------ Working data

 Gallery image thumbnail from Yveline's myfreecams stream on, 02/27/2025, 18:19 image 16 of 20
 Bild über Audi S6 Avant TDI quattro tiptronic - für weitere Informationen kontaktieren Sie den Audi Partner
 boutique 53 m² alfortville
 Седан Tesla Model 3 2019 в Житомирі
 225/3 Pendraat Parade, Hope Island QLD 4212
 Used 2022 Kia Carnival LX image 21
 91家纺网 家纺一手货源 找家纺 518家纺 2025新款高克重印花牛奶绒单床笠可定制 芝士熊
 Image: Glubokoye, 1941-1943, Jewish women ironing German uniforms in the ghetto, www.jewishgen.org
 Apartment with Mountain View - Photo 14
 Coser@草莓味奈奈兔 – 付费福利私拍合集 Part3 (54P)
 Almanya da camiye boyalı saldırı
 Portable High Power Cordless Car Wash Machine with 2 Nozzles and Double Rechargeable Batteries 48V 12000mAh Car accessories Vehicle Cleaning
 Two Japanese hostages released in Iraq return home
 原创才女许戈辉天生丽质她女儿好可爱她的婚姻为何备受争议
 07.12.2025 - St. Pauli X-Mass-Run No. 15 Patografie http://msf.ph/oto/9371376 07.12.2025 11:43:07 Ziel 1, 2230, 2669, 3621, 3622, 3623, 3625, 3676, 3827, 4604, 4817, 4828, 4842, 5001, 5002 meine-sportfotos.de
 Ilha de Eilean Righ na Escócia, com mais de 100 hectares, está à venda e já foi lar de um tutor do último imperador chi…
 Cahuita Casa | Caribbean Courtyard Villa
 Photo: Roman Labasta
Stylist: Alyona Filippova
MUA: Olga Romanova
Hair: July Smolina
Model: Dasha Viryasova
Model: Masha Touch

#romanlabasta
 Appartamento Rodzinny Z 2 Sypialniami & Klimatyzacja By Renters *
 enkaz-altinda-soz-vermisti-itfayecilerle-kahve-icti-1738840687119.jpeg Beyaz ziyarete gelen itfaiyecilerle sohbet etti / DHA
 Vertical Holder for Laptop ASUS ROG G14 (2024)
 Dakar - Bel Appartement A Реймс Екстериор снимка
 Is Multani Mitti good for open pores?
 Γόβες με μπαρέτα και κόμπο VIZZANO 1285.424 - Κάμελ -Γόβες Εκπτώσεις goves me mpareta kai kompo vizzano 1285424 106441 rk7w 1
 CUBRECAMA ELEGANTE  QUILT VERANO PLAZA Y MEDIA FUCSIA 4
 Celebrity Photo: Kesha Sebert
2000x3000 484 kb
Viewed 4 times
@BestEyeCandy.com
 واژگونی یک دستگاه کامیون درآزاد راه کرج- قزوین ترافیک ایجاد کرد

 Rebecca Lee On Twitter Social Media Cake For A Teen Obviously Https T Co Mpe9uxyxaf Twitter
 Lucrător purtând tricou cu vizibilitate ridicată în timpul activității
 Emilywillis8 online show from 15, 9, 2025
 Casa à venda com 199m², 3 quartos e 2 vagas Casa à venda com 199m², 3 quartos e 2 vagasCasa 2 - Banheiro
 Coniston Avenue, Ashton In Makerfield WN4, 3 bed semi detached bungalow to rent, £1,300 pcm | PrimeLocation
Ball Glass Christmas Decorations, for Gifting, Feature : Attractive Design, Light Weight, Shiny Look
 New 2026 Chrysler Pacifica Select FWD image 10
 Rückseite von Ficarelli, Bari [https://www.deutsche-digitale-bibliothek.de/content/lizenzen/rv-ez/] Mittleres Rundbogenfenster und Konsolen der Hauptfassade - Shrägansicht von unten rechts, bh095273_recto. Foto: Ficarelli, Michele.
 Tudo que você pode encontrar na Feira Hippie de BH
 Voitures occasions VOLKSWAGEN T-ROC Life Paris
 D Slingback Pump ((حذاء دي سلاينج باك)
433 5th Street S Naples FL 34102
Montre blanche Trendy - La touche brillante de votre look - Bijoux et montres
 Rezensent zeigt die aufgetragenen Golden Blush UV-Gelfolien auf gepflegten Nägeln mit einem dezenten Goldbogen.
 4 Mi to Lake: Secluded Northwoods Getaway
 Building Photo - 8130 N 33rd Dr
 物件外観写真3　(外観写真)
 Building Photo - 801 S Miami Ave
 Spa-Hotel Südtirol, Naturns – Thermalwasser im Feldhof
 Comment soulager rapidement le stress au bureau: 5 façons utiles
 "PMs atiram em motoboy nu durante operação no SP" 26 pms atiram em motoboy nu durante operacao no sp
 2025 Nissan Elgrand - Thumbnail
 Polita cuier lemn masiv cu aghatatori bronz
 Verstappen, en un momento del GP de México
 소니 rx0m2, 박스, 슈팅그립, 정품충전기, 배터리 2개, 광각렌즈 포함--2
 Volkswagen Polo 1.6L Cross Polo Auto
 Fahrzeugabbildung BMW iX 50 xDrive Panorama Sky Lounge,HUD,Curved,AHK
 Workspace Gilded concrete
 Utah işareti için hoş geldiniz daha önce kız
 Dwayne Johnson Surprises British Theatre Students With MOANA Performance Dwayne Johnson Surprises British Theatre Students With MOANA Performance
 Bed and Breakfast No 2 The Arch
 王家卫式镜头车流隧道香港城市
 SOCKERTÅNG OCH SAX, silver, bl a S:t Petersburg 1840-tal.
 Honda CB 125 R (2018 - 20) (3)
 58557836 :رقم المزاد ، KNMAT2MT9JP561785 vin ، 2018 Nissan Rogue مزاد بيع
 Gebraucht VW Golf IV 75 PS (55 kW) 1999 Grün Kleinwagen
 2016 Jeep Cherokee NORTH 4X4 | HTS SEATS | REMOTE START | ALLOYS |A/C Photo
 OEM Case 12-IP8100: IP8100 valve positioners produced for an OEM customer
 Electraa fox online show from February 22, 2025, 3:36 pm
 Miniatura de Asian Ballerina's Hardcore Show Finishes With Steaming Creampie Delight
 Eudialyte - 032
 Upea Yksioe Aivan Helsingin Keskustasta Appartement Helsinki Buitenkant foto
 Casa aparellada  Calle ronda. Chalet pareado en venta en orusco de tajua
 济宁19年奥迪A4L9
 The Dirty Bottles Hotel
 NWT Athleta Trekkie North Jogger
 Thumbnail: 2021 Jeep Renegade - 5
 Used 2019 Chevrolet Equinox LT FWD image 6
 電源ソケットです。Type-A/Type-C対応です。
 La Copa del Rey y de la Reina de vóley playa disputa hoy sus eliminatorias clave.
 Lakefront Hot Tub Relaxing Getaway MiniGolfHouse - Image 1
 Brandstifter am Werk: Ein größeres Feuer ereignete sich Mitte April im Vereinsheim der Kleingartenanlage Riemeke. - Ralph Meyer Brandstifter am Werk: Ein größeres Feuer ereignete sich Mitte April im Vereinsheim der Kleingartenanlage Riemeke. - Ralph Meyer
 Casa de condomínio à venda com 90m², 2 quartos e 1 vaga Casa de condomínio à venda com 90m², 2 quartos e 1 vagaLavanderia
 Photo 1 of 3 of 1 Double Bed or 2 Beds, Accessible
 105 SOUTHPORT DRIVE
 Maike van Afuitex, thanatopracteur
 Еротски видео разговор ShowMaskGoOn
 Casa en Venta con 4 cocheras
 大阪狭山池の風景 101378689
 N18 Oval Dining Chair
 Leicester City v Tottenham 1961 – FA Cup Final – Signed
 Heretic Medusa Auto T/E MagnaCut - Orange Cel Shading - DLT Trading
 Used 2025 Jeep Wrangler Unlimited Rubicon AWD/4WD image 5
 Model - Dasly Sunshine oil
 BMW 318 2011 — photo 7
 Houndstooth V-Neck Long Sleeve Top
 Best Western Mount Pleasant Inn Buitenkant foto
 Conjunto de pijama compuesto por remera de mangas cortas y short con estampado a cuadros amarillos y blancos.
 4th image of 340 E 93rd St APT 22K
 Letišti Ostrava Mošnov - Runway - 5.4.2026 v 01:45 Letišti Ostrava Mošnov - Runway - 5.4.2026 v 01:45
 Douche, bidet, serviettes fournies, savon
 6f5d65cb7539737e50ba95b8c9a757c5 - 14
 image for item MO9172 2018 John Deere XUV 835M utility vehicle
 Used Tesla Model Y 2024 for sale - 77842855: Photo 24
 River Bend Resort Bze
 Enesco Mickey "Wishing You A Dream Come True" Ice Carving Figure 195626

------------

### Assigned task
Only the lines from the beginning of the data above through the line containing "91家纺网 家纺一手货源 找家纺" should be repeated, exactly as they appear.

### Task response
 Gallery image thumbnail from Yveline's myfreecams stream on, 02/27/2025, 18:19 image 16 of 20
 Bild über Audi S6 Avant TDI quattro tiptronic - für weitere Informationen kontaktieren Sie den Audi Partner
 boutique 53 m² alfortville
 Седан Tesla Model 3 2019 в Житомирі
 225/3 Pendraat Parade, Hope Island QLD 4212
 Used 2022 Kia Carnival LX image 21
 91家纺网 家纺一手货源 找家纺 518家纺 2025新款高克重印花牛奶绒单床笠可定制 芝士熊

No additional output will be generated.